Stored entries

*****

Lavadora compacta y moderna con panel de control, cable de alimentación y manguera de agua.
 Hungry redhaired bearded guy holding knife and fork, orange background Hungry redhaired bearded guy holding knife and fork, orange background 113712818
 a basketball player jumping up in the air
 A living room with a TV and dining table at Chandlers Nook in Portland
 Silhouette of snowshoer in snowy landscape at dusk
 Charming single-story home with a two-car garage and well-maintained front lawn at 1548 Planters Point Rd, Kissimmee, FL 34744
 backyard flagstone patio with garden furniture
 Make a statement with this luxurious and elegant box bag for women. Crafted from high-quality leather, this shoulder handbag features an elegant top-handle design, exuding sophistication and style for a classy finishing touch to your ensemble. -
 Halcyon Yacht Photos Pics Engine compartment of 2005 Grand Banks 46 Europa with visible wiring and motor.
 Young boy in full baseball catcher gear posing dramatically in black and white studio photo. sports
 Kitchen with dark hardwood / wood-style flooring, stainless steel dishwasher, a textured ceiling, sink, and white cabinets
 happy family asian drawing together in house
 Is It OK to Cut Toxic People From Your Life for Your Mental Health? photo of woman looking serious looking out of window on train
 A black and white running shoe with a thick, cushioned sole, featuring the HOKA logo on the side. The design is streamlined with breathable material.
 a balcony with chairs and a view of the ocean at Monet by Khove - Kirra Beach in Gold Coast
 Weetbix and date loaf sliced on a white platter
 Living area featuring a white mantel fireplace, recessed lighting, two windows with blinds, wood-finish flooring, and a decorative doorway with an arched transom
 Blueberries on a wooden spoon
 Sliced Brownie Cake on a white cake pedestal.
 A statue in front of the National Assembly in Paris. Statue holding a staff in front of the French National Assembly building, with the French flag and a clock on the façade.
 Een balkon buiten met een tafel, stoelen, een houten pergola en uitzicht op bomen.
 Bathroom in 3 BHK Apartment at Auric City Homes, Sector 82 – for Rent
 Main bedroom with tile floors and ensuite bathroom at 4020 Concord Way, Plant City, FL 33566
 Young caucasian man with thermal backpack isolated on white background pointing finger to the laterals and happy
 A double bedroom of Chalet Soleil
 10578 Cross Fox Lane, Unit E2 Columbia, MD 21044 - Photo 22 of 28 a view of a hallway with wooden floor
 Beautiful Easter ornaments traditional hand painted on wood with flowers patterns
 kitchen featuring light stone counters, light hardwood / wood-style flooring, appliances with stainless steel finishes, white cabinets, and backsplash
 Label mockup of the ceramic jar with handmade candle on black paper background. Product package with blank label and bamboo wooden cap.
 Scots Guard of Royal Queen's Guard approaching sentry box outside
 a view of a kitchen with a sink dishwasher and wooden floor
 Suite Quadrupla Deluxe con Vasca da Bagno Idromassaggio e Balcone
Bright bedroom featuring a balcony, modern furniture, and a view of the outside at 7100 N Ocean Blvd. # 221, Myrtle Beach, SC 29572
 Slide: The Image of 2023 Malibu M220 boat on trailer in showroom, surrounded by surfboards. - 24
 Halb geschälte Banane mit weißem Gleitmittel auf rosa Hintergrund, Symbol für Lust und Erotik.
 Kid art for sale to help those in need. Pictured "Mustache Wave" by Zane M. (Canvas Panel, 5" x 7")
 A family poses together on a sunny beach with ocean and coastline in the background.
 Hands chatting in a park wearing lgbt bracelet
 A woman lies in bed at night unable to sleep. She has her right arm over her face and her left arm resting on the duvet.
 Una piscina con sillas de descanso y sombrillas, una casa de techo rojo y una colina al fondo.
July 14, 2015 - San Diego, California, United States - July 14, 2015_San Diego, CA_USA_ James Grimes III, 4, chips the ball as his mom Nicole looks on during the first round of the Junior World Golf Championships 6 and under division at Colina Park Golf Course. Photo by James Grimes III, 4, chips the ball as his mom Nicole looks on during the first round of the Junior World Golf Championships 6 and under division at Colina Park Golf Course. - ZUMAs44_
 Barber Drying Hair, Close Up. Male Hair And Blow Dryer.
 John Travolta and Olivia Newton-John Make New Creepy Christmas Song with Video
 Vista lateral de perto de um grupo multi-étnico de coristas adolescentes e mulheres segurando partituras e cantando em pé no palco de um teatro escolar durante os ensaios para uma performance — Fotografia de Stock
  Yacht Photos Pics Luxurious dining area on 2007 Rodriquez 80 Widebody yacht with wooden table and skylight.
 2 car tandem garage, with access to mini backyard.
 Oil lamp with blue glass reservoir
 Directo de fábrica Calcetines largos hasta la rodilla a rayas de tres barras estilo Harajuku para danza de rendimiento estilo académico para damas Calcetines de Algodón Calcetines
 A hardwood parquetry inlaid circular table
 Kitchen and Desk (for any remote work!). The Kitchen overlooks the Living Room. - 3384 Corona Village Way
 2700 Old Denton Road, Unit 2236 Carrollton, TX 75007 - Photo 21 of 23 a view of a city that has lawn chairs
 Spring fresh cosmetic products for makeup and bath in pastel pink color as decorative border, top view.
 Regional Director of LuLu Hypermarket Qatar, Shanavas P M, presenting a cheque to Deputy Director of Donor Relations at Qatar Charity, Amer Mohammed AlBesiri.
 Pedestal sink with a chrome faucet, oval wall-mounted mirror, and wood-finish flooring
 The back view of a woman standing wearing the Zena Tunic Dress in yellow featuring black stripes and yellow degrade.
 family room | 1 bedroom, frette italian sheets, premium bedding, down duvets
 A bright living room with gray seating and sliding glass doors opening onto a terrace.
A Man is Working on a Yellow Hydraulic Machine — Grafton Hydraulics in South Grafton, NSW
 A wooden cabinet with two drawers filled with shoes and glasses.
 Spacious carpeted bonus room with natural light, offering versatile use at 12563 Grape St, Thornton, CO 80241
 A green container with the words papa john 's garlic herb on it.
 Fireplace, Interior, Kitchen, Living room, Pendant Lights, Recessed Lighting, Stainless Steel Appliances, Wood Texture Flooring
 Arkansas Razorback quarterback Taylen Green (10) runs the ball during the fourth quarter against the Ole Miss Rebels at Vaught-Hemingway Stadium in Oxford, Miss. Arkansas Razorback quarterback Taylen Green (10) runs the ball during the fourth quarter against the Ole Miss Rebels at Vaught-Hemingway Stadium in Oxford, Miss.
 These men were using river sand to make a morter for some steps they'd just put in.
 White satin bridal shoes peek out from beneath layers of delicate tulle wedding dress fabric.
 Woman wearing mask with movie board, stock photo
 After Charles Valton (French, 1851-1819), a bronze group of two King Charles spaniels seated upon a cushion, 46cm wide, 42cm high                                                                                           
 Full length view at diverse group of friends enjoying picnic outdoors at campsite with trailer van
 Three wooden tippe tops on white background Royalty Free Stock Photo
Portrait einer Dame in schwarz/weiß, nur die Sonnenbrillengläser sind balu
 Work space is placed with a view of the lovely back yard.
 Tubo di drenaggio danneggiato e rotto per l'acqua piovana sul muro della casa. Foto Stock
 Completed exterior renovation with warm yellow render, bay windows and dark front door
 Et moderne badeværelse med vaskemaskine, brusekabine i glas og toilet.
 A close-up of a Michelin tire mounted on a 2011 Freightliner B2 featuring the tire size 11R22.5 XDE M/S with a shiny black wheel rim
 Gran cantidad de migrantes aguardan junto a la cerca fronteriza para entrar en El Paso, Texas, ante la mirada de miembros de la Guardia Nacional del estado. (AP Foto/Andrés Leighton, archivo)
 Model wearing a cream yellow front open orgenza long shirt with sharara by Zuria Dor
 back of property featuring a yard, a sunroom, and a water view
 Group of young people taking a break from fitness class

*****

WHAT NEEDS TO BE DONE ▸
Wherever the word "together" appears in the records above, copy that line.

SOLUTION TO THIS TASK ▸
 happy family asian drawing together in house
 A family poses together on a sunny beach with ocean and coastline in the background.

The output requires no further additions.